Export to INTERCONNECT tools in EME wavelength sweep tool
The results from the wavelength sweep tool in EME, including group delay, can now be automatically saved in a text file that can be imported in the Optical N-port S-parameter element in INTERCONNECT. See the original IX idea.
Script command to export/import optical Material Database in FDTD and MODE
The new script commands exportmaterialdb and importmaterialdb allow users to save/load material properties in the Material Database to/from a .mdf file using the scripting environment.
SYSTEM Suite
Script command importlib to run corner analysis in INTERCONNECT
The new script command importlib accesses an specified .lib file and applies the changes in parameter values defined there to each (applicable) element in the current project file.
Report key 1D laser simulation results from TWLM
The Traveling Wave Laser Model (TWLM) in INTERCONNECT now returns the following optical properties as a function of position:
• carrier density profile
• photon density
• forward/backward power density
• recombination rates (non-radiative and radiative)
• gain spectra
• spontaneous emission spectra
• lumped gain spectra (single pass)
Improved interpolation in setsparameter script command for multiple frequency points
The setsparameter script command with the ‘propagation’ option models waveguides with loss, effective and group index, dispersion and dispersion slope specified at one or multiple frequency points. The interpolation scheme between different frequency points in the data has been improved to avoid discontinuities in the propagation constant used in the model.
CML Compiler documentation in Support portal
The documentation for the CML compiler has been migrated to the Support portal where users can now find the documentation for all Lumerical products. A valid CML Compiler license is required to access some of the contents.
CML Compiler generates compact models with statistical variations
CML compiler users can create compact model libraries with elements that account for statistical variations, allowing the end-user of the CML to perform Monte-Carlo simulations and corner analysis. For more information please visit our documentation (access requires valid CML Compiler license).
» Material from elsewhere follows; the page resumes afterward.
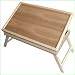Wooden Bed Tray for Eating, Reading or Writing etc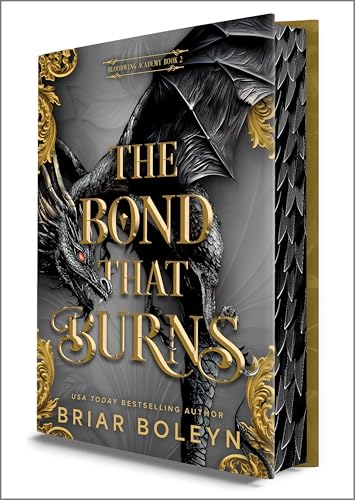 The Bond That Burns / by Boleyn, Briar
CML Compiler available with Lumerical installation package
The CML compiler installation folder is now included in the installation package of all Lumerical products which can be downloaded here. For more information please visit our documentation (access requires valid CML Compiler license).
Verilog-A oscilloscope shows results for all channels and modes (CML Compiler)
The oscilloscope for Verilog-A photonic models allows users to view results of all channels and two fundamental modes with a single simulation. In the past, users were restricted to a single channel and mode per simulation.
Template library for CML compiler only accessible by running cml-compiler command with new argument
The Lumfoundry template library can now only be deployed by using the cml-compiler command with the “template” argument. The deployed template library contains all the source data and configuration files (fully editable) required for building your first CML with the CML compiler. For more information please visit our documentation (access requires valid CML Compiler license).
Interoperability Products
Virtuoso ADE GUI entry for displaying INTERCONNECT co-simulation netlist
The existing INTERCONNECT netlists for co-simulation testbench are now conveniently displayed in the Virtuoso ADE window under the tree of INTERCONNECT co-simulation setup, so that users do not have to recreate the netlist every time they are setting up their testbench.